Here's the next civil war, brought to you by Johnnie Crookran and his band of tobacco litigationists:
US lawyers to sue for slavery reparations thetimes.co.uk FROM LAURA PEEK IN WASHINGTON A TEAM of lawyers led by a Harvard professor is preparing to sue the US Government and surviving businesses that profited from slavery. “We will be seeking more than just monetary compensation,” Charles Ogletree, leader of the Reparations Assessment Group, said. “We want a change in America. We want full recognition, and a remedy, of how slavery stigmatised, raped, murdered and exploited millions of Africans through no fault of their own.”

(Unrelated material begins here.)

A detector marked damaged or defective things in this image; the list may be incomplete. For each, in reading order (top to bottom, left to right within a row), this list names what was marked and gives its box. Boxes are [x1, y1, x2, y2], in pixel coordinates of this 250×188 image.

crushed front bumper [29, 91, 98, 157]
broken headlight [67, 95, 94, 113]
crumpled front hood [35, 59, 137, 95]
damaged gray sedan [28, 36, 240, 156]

The group includes Johnnie Cochran, who defended O.J. Simpson; Alexander Pires Jr, who won a $1 billion settlement for black farmers who claimed discrimination by the US Department of Agriculture; and Richard Scruggs, who won a $368 billion dollar settlement for states against tobacco companies.

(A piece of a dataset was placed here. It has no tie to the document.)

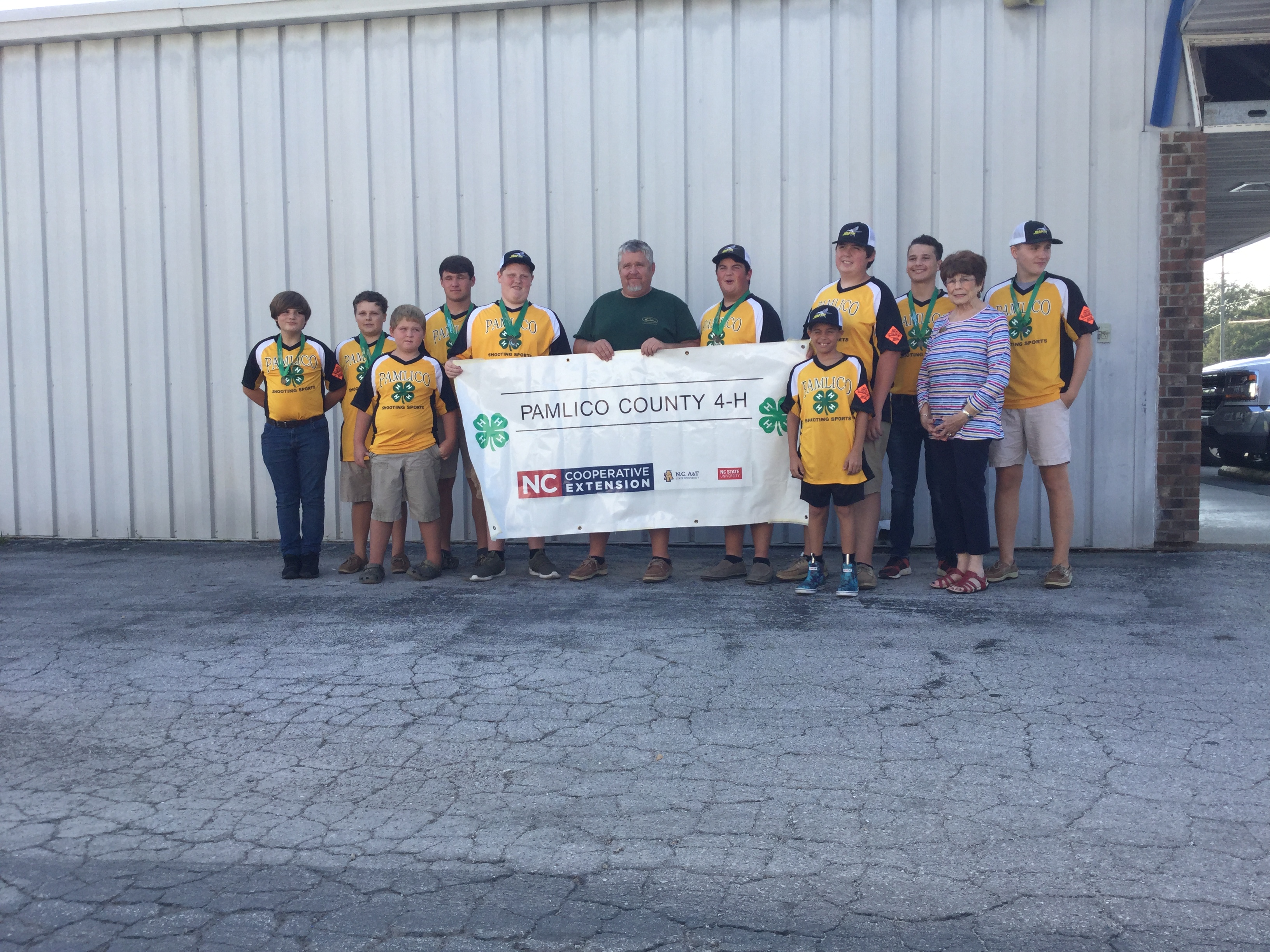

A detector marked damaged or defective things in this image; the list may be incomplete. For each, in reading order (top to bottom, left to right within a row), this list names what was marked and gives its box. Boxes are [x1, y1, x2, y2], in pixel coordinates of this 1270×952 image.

cracked pavement [0, 541, 1265, 949]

Their efforts are just one part of a growing lobby for reparations to be paid to black Americans descended from slaves. At least ten cities, including Chicago, Detroit and Washington, have passed resolutions in the past two years urging federal hearings into the impact of slavery. Later this month a new California law will require insurance companies to disclose any policies they held covering losses incurred by slave-owners when slaves died. The state has also commissioned a team of academics to research the history of slavery and report how current California businesses benefited from it.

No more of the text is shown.